(Entries supplied)
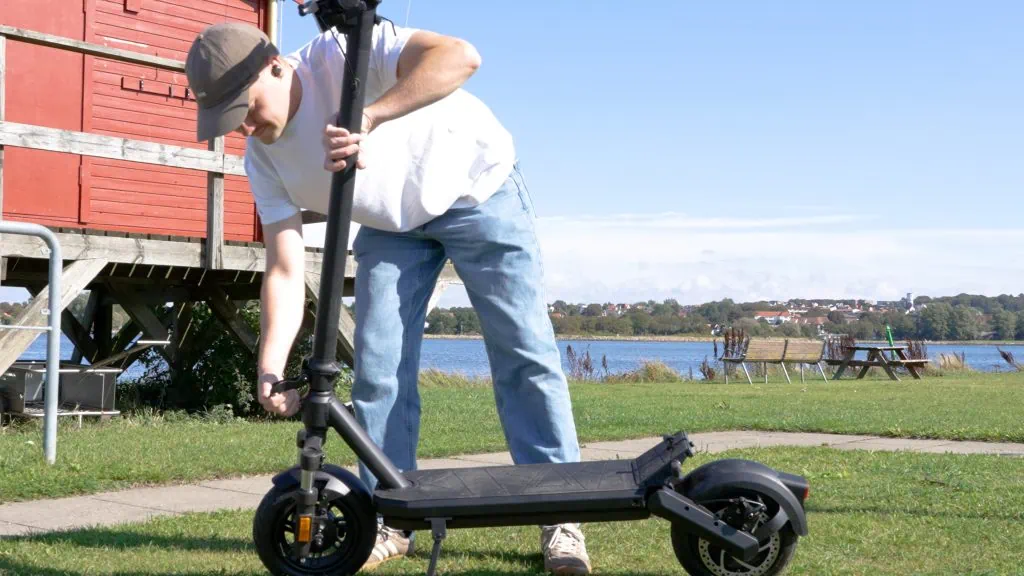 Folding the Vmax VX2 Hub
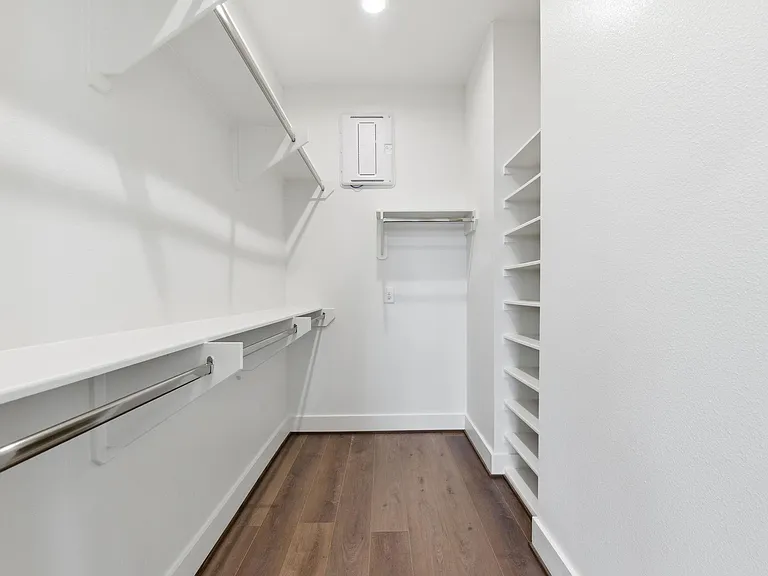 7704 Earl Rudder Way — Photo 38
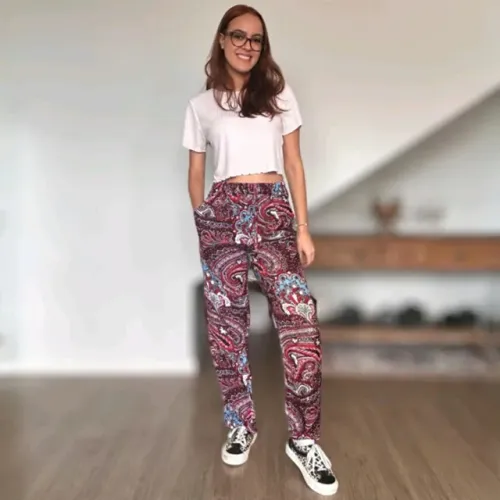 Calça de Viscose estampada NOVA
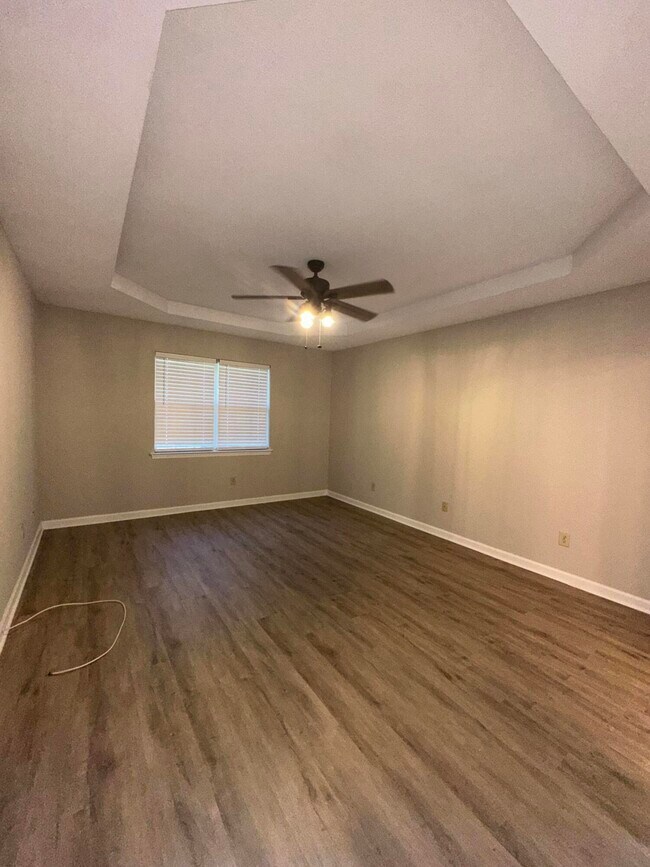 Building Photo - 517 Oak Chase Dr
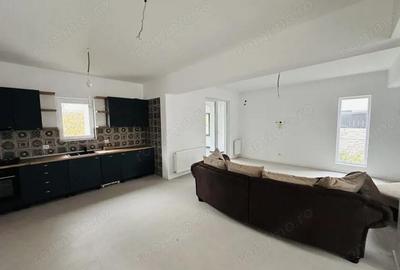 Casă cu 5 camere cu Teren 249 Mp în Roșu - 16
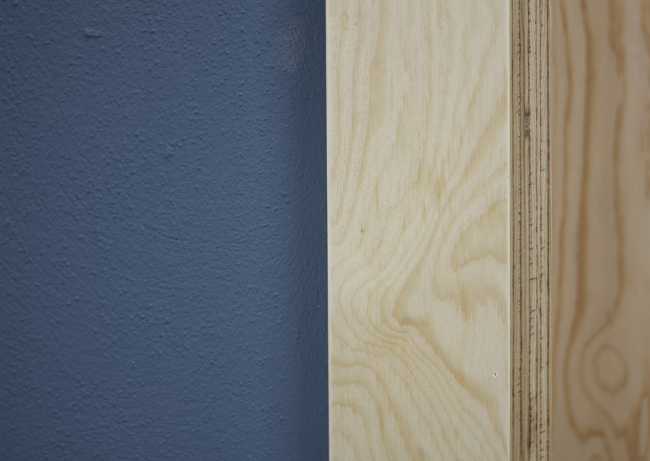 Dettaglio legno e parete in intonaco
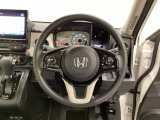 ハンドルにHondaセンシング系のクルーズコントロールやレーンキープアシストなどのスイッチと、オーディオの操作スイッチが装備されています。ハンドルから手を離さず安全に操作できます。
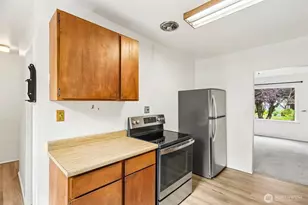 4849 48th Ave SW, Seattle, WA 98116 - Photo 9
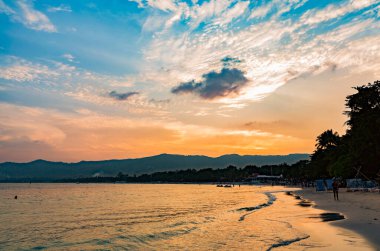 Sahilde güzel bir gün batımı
(End Entries supplied)
(Entries supplied)
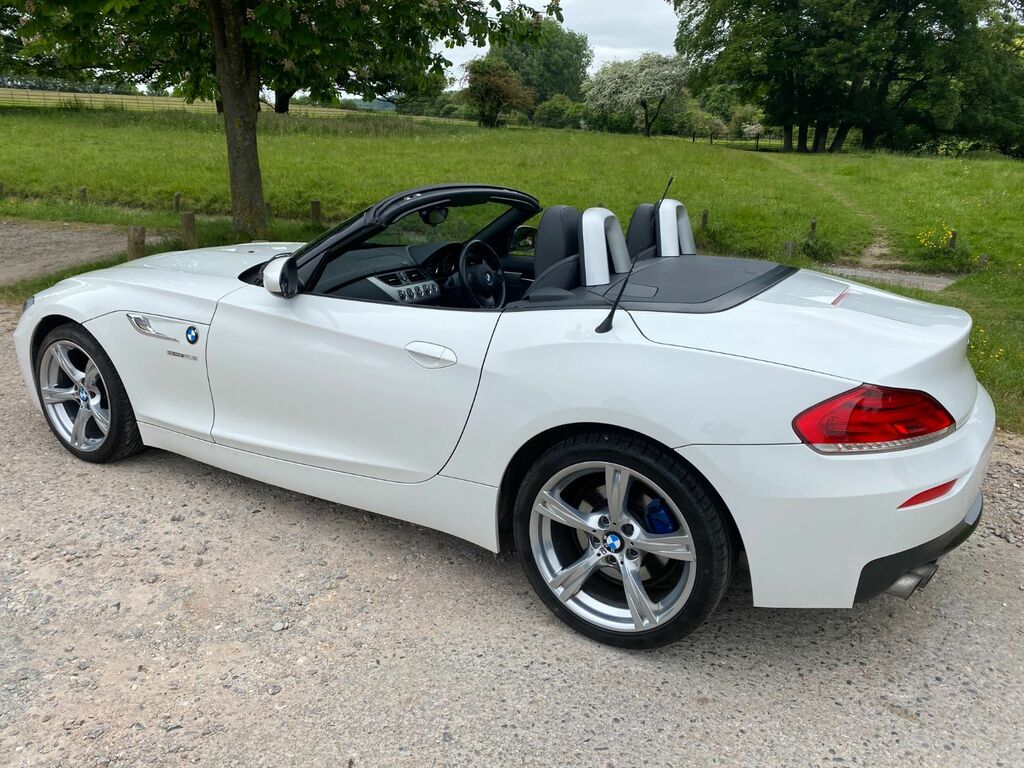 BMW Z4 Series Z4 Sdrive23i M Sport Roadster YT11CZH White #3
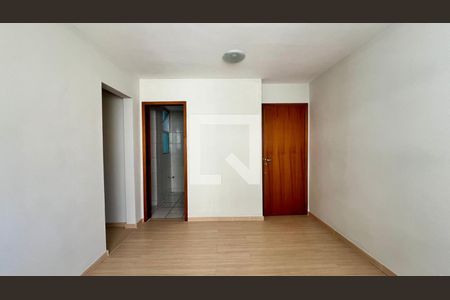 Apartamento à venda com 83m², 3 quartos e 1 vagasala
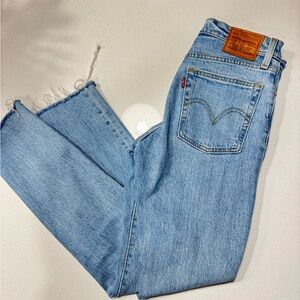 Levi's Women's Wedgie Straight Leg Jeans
(End Entries supplied)
**Problem description**
Above are the records; return the lines in them from the one with "Casă cu 5 camere" to the one with "Sahilde güzel bir gün batımı", inclusive, exactly and without images.

**Result for this task**
 Casă cu 5 camere cu Teren 249 Mp în Roșu - 16
 Dettaglio legno e parete in intonaco
 ハンドルにHondaセンシング系のクルーズコントロールやレーンキープアシストなどのスイッチと、オーディオの操作スイッチが装備されています。ハンドルから手を離さず安全に操作できます。
 4849 48th Ave SW, Seattle, WA 98116 - Photo 9
 Sahilde güzel bir gün batımı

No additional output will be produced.